◆ **ASSIGNMENT**
Output exactly the lines from the one with "Pluteus hispidulus" through the last line of the data below, both included, and nothing more.

= = = = = = =

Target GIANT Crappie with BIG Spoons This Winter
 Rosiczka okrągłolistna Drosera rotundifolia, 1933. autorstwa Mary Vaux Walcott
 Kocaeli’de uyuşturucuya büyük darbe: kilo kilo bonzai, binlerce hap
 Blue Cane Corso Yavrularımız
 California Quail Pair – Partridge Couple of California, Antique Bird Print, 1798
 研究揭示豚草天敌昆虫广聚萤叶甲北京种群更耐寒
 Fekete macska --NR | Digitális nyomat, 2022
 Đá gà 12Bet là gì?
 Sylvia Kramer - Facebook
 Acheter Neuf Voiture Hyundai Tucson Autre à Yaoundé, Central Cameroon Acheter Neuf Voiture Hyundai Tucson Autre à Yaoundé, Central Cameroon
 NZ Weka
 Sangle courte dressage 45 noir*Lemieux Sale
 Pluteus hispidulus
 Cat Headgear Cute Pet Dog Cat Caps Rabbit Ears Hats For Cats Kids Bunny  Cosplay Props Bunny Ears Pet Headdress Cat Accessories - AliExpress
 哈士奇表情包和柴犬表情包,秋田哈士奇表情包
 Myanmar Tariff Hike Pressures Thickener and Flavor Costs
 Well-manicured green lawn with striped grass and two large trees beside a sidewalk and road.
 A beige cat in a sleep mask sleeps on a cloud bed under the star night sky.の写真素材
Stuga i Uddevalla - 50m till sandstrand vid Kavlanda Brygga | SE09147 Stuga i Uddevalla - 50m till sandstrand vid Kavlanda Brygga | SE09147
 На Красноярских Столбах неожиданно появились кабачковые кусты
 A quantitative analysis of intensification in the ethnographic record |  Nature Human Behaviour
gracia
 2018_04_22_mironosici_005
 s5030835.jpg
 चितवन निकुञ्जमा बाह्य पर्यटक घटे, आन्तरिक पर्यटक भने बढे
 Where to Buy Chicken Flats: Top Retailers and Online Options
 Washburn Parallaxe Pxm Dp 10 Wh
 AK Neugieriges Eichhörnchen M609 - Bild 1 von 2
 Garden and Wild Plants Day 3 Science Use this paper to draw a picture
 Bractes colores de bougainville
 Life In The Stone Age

= = = = = = =

◆ **ANSWER SECTION**
 Pluteus hispidulus
 Cat Headgear Cute Pet Dog Cat Caps Rabbit Ears Hats For Cats Kids Bunny  Cosplay Props Bunny Ears Pet Headdress Cat Accessories - AliExpress
 哈士奇表情包和柴犬表情包,秋田哈士奇表情包
 Myanmar Tariff Hike Pressures Thickener and Flavor Costs
 Well-manicured green lawn with striped grass and two large trees beside a sidewalk and road.
 A beige cat in a sleep mask sleeps on a cloud bed under the star night sky.の写真素材
Stuga i Uddevalla - 50m till sandstrand vid Kavlanda Brygga | SE09147 Stuga i Uddevalla - 50m till sandstrand vid Kavlanda Brygga | SE09147
 На Красноярских Столбах неожиданно появились кабачковые кусты
 A quantitative analysis of intensification in the ethnographic record |  Nature Human Behaviour
gracia
 2018_04_22_mironosici_005
 s5030835.jpg
 चितवन निकुञ्जमा बाह्य पर्यटक घटे, आन्तरिक पर्यटक भने बढे
 Where to Buy Chicken Flats: Top Retailers and Online Options
 Washburn Parallaxe Pxm Dp 10 Wh
 AK Neugieriges Eichhörnchen M609 - Bild 1 von 2
 Garden and Wild Plants Day 3 Science Use this paper to draw a picture
 Bractes colores de bougainville
 Life In The Stone Age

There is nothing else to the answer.